Karthikeyan. V received his B.E (Electrical & Electronics Engineering) from Madurai Kamaraj University in 1999 and his M.E (Power Electronics & Drives) from Anna University, Chennai in 2005. He is currently working toward his Ph.D. in the Department of Electrical and Electronics Engineering, Jerusalem College of Engineering, Chennai. He has been working in teaching field for about 7 years. His research interests are Power Converters, Power Quality and Renewable Energy Systems. He is a member of IEEE Power Electronics Society (PELS) and Life member of ISTE.
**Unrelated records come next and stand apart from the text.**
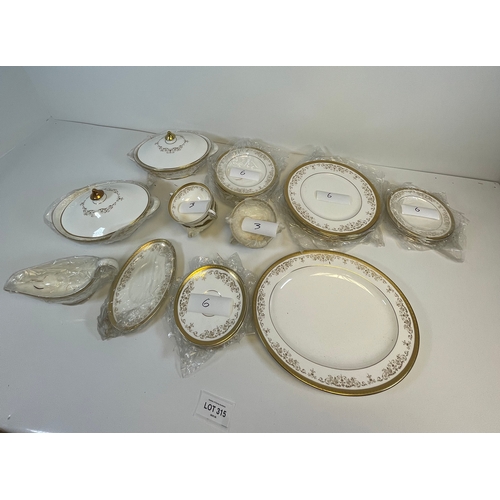 315 - Royal Doulton Belmont dinner service - 35 piece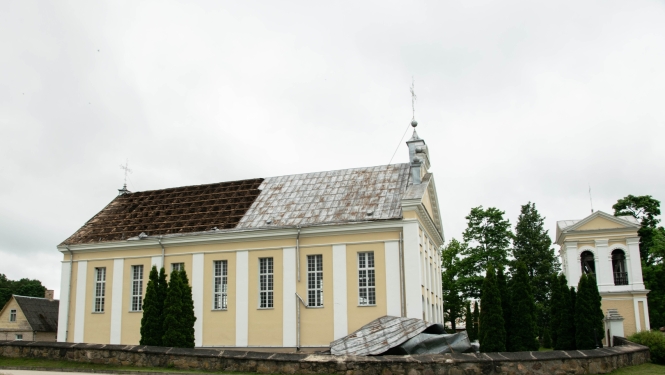 Bebrenes baznīca pēc 11. jūnija vētras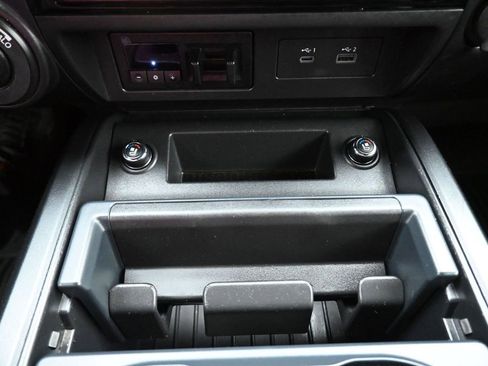 Used 2023 Nissan Titan PRO-4X w/ Pro-4x Convenience Package image 27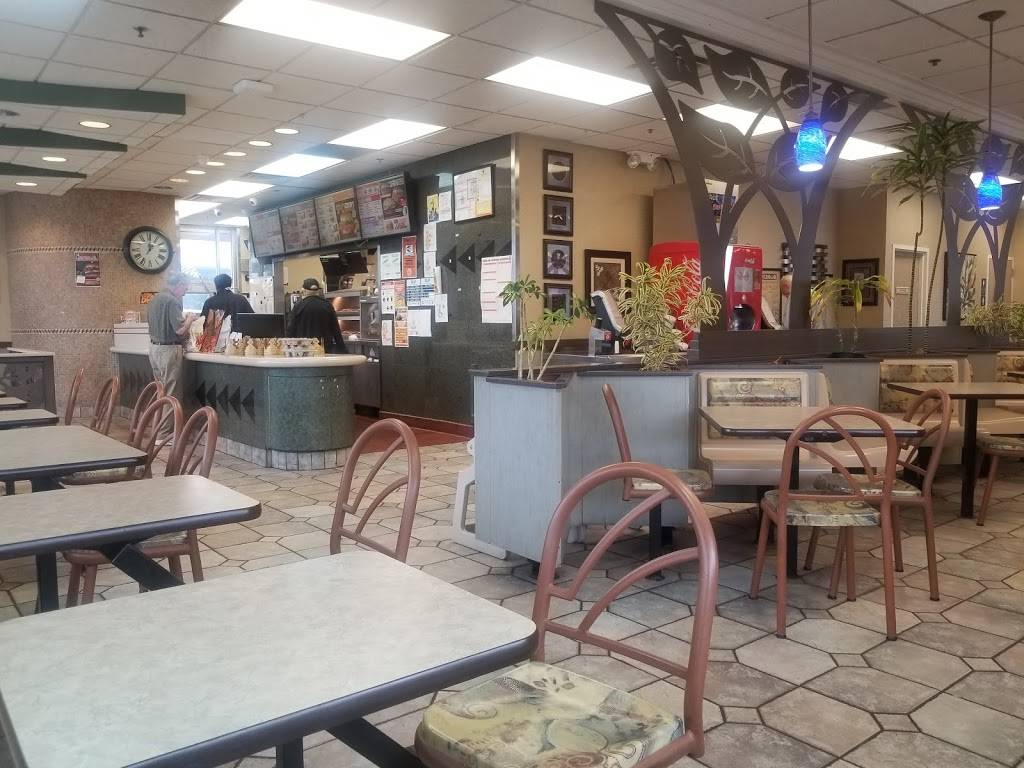 Burger King | restaurant | 439 Market St, Saddle Brook, NJ 07663, USA | 2018439882 OR +1 201-843-9882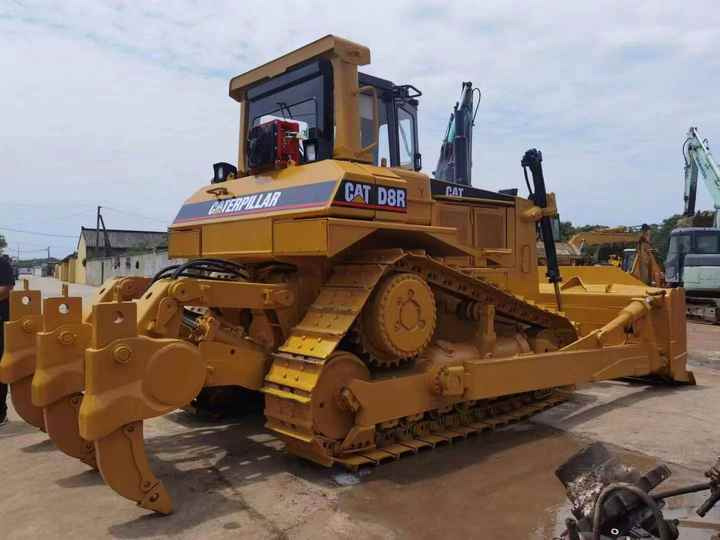 Hot Sale Used Original Japan Cat D8r Bulldozer/Big Dozer D 8 D7 Used D7r Bulldozer - Buldozeris: foto 3 Hot Sale Used Original Japan Cat D8r Bulldozer/Big Dozer D 8 D7 Used D7r Bulldozer - Buldozeris: foto 3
V.Jamuna is Professor in Electrical and Electronics Engineering Department, Jerusalem College of Engineering, Chennai, India. She received her B.E. degree in Electrical & Electronics Engineering from St.Peter’s Engineering College, Madras University, Chennai, India in 1999, M.E. degree in Power Electronics and Drives from Anna University, Chennai, India in 2005, PhD from Anna University in 2010. She has secured fifth university rank in her P.G degree. She has 12 years of teaching experience. She has published over 20 technical papers in national and international conferences proceedings / journals. She is life member of Indian Society for Technical Education, Institution of Electrical and Electronics Engineers. Her research interest includes Induction Motor Drives and Neural Network.